Start of Data for this exercise

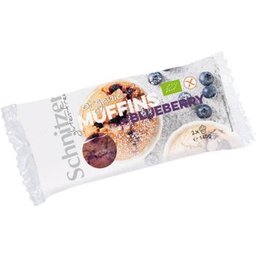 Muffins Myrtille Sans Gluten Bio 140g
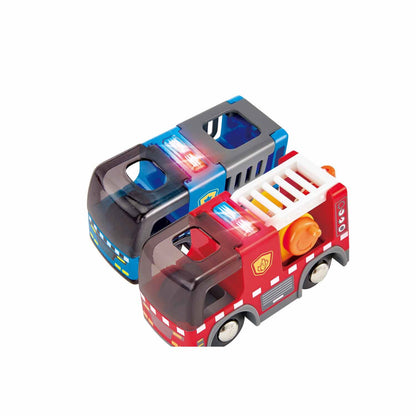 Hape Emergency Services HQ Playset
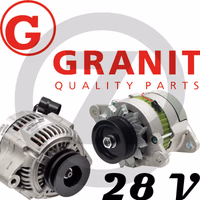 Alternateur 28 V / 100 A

End of Data for this exercise
Start of Data for this exercise

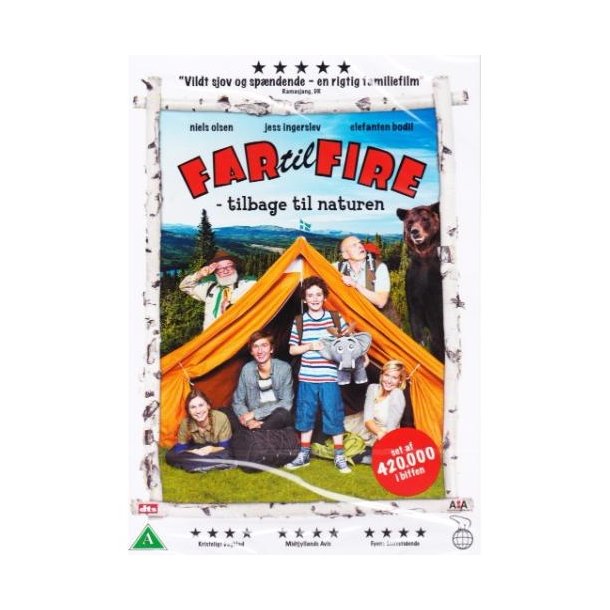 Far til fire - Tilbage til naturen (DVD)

End of Data for this exercise
Start of Data for this exercise

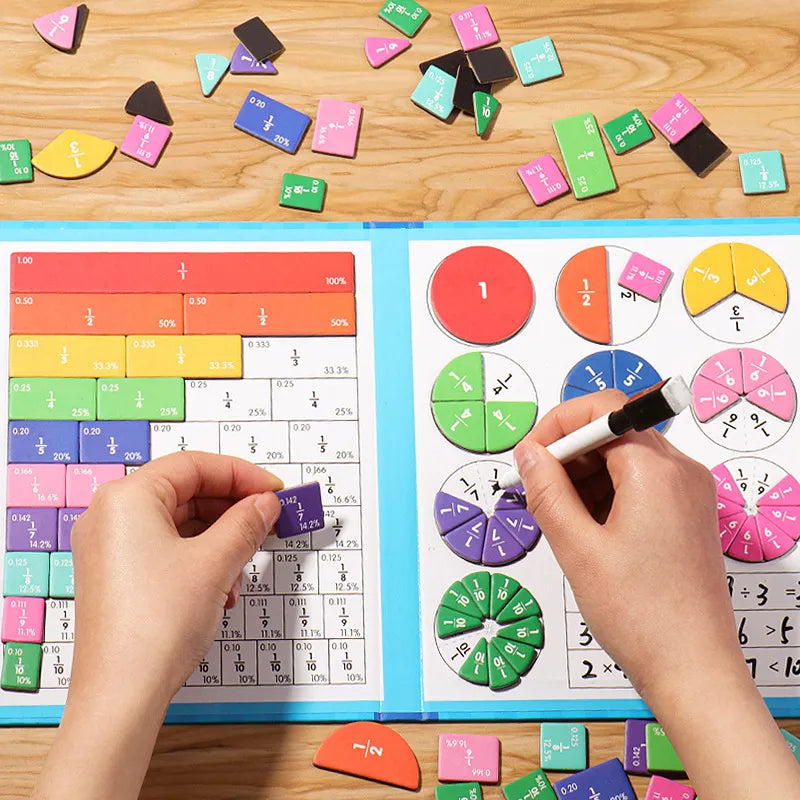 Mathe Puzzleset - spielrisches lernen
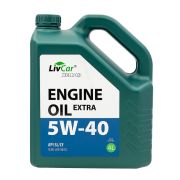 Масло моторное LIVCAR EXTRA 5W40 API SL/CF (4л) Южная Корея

End of Data for this exercise

→ Work instructions
In the data above, find the line containing "Muffins Myrtille Sans Gluten Bio 140g" and the line containing "Alternateur 28 V / 100 A". Copy exactly the stretch from the first through the second, both included, leaving out any picture.

→ Solution to this problem
 Muffins Myrtille Sans Gluten Bio 140g
 Hape Emergency Services HQ Playset
 Alternateur 28 V / 100 A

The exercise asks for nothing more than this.